## Data supplied:
__________

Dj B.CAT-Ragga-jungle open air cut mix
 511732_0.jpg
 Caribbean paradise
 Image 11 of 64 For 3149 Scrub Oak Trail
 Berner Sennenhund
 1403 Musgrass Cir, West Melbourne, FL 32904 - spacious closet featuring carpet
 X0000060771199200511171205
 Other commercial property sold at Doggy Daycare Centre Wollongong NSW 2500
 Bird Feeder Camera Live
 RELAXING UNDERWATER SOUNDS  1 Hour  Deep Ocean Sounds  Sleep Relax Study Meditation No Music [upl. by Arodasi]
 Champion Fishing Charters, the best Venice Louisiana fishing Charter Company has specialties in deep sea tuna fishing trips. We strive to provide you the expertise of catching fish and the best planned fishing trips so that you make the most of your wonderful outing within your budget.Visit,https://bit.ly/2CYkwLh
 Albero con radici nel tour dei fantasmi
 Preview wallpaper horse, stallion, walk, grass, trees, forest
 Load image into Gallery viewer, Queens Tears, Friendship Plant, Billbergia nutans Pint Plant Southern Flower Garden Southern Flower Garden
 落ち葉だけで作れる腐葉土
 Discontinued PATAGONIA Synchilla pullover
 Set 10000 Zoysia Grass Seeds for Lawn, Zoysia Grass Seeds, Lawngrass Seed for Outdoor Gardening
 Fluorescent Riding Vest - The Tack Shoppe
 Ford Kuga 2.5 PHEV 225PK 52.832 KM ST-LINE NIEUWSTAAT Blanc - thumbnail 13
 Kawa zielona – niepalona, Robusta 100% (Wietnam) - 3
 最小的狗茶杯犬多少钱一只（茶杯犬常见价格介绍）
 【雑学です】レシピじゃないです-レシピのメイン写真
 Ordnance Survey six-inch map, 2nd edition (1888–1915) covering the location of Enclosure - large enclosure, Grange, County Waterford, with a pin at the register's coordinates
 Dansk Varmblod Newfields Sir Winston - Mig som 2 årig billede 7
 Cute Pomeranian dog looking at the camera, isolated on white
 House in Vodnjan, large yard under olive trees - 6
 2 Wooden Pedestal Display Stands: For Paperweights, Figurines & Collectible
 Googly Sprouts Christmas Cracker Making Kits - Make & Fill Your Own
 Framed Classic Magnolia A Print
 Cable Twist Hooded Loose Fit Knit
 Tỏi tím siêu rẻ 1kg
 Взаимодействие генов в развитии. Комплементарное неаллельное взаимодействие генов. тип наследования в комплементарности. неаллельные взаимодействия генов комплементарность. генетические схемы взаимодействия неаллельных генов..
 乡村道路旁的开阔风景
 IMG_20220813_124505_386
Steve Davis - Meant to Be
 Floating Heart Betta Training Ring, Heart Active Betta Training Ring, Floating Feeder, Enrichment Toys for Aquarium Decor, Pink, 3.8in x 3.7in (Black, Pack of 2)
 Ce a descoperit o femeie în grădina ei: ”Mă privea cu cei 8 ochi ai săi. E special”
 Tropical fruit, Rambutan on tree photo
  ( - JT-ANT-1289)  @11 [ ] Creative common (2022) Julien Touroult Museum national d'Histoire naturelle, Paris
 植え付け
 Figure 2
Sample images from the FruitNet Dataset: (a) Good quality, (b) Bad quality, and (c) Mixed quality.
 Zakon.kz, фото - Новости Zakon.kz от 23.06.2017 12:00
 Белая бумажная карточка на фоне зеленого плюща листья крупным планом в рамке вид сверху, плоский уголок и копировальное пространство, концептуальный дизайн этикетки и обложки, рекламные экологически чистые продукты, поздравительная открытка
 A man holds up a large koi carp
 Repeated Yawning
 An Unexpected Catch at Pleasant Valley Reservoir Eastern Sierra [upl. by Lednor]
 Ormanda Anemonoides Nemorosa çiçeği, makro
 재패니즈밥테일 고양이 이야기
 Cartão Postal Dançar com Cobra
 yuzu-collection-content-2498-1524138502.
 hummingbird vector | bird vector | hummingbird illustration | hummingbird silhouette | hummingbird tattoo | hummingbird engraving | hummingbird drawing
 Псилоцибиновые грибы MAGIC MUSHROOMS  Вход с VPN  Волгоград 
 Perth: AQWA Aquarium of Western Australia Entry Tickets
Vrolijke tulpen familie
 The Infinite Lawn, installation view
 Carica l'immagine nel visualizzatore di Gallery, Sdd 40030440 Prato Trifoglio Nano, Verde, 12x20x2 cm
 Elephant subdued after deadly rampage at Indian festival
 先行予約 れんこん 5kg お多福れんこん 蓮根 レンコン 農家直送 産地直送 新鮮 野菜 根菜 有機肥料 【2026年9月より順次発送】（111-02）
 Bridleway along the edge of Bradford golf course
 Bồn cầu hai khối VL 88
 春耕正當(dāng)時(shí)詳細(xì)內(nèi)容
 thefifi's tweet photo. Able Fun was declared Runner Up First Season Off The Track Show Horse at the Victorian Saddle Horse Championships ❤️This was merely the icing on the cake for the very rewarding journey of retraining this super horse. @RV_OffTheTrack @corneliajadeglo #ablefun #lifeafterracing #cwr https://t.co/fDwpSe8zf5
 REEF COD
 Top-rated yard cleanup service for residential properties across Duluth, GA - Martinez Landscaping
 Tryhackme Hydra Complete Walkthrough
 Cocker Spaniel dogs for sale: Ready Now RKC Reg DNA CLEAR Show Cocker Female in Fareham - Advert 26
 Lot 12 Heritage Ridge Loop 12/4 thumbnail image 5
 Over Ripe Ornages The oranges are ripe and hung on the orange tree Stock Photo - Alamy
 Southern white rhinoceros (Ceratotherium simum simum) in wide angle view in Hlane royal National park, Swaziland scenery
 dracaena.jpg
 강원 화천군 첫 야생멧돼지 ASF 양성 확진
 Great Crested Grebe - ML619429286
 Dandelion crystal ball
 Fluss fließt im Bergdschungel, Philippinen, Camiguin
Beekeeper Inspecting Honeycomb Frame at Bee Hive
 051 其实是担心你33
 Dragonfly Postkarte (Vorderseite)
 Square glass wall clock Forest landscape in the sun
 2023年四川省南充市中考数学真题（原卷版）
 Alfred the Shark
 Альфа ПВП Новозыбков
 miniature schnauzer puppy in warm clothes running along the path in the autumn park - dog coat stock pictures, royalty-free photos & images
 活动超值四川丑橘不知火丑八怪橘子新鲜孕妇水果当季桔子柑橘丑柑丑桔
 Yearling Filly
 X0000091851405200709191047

__________

Where does the string "trees" appear in the records above? Return every line that holds it.

## Answer to the exercise:
 Preview wallpaper horse, stallion, walk, grass, trees, forest
 House in Vodnjan, large yard under olive trees - 6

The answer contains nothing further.